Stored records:

--

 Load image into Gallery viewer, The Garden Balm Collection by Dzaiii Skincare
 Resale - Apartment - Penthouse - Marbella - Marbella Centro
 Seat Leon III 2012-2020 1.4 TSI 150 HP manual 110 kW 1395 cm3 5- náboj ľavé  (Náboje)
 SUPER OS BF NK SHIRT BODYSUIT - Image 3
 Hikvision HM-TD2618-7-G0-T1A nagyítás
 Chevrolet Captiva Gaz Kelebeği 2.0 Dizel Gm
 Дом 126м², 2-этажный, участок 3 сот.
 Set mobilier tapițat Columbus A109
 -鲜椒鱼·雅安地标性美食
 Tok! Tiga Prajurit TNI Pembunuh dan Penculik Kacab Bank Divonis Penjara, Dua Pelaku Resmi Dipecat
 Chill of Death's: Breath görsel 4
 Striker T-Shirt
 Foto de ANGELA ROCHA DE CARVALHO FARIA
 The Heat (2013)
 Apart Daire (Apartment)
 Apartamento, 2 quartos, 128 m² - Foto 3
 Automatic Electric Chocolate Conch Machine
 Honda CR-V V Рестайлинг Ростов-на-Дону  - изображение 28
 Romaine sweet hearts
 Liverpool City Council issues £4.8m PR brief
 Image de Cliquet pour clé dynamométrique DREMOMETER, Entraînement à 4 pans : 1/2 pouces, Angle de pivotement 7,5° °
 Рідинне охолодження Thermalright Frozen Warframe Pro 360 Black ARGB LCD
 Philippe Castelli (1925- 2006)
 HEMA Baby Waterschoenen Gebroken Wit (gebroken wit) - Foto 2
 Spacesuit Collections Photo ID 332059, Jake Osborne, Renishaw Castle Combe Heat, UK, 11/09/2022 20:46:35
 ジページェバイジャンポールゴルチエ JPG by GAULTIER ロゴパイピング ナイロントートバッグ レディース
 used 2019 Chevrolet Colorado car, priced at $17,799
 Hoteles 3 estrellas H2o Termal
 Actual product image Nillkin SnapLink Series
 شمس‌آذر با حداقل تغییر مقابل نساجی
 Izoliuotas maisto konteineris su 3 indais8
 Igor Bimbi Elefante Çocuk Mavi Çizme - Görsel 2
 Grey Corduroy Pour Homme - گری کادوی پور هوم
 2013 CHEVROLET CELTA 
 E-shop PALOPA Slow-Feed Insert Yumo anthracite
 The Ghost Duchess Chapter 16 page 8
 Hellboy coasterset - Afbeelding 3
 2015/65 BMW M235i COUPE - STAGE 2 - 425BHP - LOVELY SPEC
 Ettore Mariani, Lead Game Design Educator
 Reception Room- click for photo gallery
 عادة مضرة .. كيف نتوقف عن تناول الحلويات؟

--

Please return exactly the lines from the opening line of the data above through the line with "Apart Daire (Apartment)", both included and nothing else.

» **Result of the task**:
 Load image into Gallery viewer, The Garden Balm Collection by Dzaiii Skincare
 Resale - Apartment - Penthouse - Marbella - Marbella Centro
 Seat Leon III 2012-2020 1.4 TSI 150 HP manual 110 kW 1395 cm3 5- náboj ľavé  (Náboje)
 SUPER OS BF NK SHIRT BODYSUIT - Image 3
 Hikvision HM-TD2618-7-G0-T1A nagyítás
 Chevrolet Captiva Gaz Kelebeği 2.0 Dizel Gm
 Дом 126м², 2-этажный, участок 3 сот.
 Set mobilier tapițat Columbus A109
 -鲜椒鱼·雅安地标性美食
 Tok! Tiga Prajurit TNI Pembunuh dan Penculik Kacab Bank Divonis Penjara, Dua Pelaku Resmi Dipecat
 Chill of Death's: Breath görsel 4
 Striker T-Shirt
 Foto de ANGELA ROCHA DE CARVALHO FARIA
 The Heat (2013)
 Apart Daire (Apartment)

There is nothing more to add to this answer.